DETAILS
TRACKS
Side A
- flank
- stained & lit
- braindead
- smokey mtn dbl dip
Side B
- cillamange
- ball
- lather
- rusted water
Side C
- gorshin
- dowser
- comes
- roses
Side D
- make you gone
- pity
- lather (acme sessions)
- intro (single version)
RELEASE DATE
11/06/2015
In 1993 Red Red Meat released its first record for legendary Seattle label Sub Pop, Jimmywine Majestic.
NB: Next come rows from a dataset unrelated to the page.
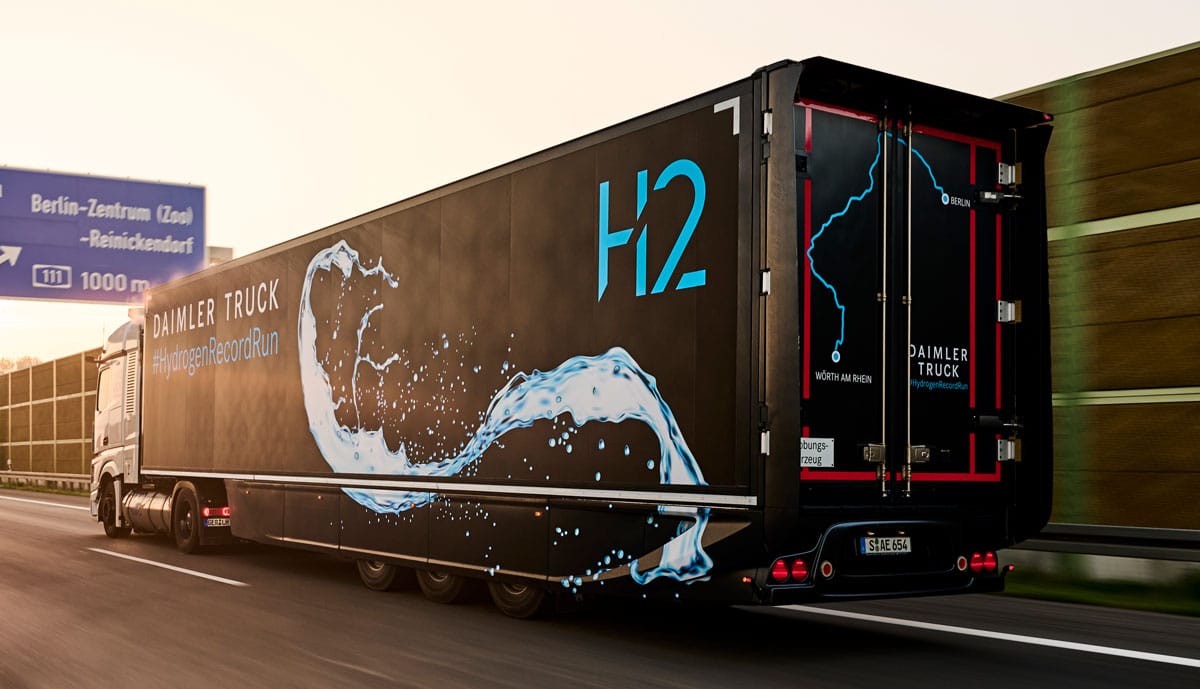 Mercedes-Benz-GenH2-Truck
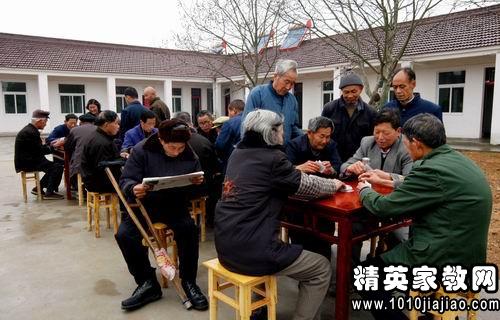 2015大学生暑假敬老院社会实践活动报告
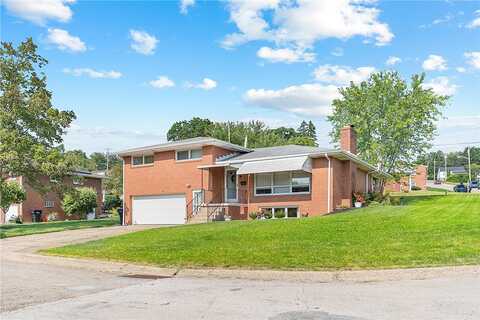 Christine, ALIQUIPPA, PA 15001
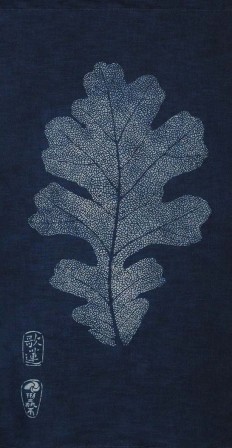 Karen Illman Miller White oak leaf tapestry les feuilles bleues.jpg, oct. 2021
Building on the grungy roots of the band’s self-titled debut, the second album was more confident and refined, with songwriter Tim Rutili’s impressionistic lyrics hovering over twangy steel guitars, thick fuzzbox riffs, and barroom drums.
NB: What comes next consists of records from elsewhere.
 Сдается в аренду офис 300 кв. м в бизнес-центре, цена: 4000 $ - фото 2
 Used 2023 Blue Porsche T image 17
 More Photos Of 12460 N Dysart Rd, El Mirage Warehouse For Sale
Produced by Brad Wood (Liz Phair, That Dog, Sunny Day Real Estate), the record finds the band (Rutili, Brian Deck, Glenn Girard, and Tim Hurley) moving away from the thrashing noise of the first record into more nuanced territory, maintaining its menacing swagger but injecting more space into songs like Moon Calf Tripe and Lather, swinging harder on opener Flank and the anthemic Ball, and pushing into blues and reconfigured roots rock with Dowser and Comes.
Much of the album’s classic feel was informed by bands like the Rolling Stones and the Faces, a “favorite kind of music for Tim Rutilli,” says drummer and organist Brian Deck. “It was his writing that pulled things in that direction, and it was probably his writing and ambition to be different from that that ultimately drove [the band] toward being esoteric and experimental,” eventually morphing into Califone in the late ‘90s.
Informed by classic rock and blues, the album also benefits from Deck’s musical training and approach. While Red Red Meat’s other efforts, their self-titled debut in 1992, 1995’s Bunny Gets Paid, and 1996’s There’s A Star Above the Manager Tonight found Deck splitting his focus between production and performance, the drummer focused on Jimmywine Majestic from a player’s perspective. The record was the work of an invigorated, young, and hungry band.
“I remember [the album] mattering more to me than anything else in the world when we were doing it,” Deck says. “It’s a sensation that you have as a young artist. You tend to not have that the older you get. But it was the most important thing that had ever happened to me in my life when we were working on it. That was an awesome thing.”